Cette année les « fauves » choisis sont Nicolas Luçon plutôt de la famille Armel Roussel (nominé meilleur acteur en 2011 pour « Ivanov  Remix ») avec une  passion pour le Suisse rêveur Robert Walser qu’il met en scène. Face à lui Julie Deroisin, plutôt douée pour le comique puisque sa famille c’est le TTO et Dominique Bréda (jeune espoir féminin 2009 pour « Bovary » de Breda et « Cendrillon, ce macho » de Minestru).
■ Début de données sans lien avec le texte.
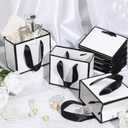 Yeaqee 50 Pcs Mini Metallic Paper Gift Bags with Handle 4x4.75x2.2'' Small Gift Bag DIY Tag Thank You Party Favor for Mother's Day Wedding Graduation Baby Shower Birthday Jewelry (White,Black)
Le repas des fauves : deux petites pièces d’une heure de l’Américain Murray Schisgal souvent jouées en parallèle et en contraste.  » Les dactylos  » proposent un couple de ratés adorables, assis devant leur machine à écrire vintage, dont le rythme maladroit, laborieux, est comme la petite musique, de la pièce. Elle est célibataire, vivant toujours chez sa maman mais rêvant du prince charmant, à épouser illico, dès le premier baiser. Lui est prisonnier d’un mariage qu’il n’a pas voulu mais dont il est bien incapable de se délivrer. Il étudie le droit en cours du soir, espoir d’ascension sociale. .Aucun des deux n’est capable de trouver son  bonheur dans ce métier médiocre au patron menaçant. Le fonctionnement de ce couple moyen/minable permet à Nicolas Luçon de jouer son adolescent rêveur, maladroit, touchant : il transcende le réalisme à l’américaine par ses allures de clown triste. De même Julie Deroisin dévoile une palette de comédienne fragile, aussi pathétique que drôle, comme un petit oiseau sur la branche. Finalement un happy end se dessine mais  ces « gentils », ces victimes de la société ont des cris de rage qui préparent à la 2 è partie « Le Tigre ». Changement de décor : Luçon devient une sorte de sadique emportant dans sa piaule une femme ligotée. Mais petit à petit ils s’apprivoisent et le bourreau devient victime de lui-même. La violence, si peu finalement, même verbale a du mal à passer par le corps et la voix des acteurs. Le rôle de Julie se réduit comme peau de chagrin. Et celui de Nicolas, omniprésent, épouse difficilement la stature d’un prédateur.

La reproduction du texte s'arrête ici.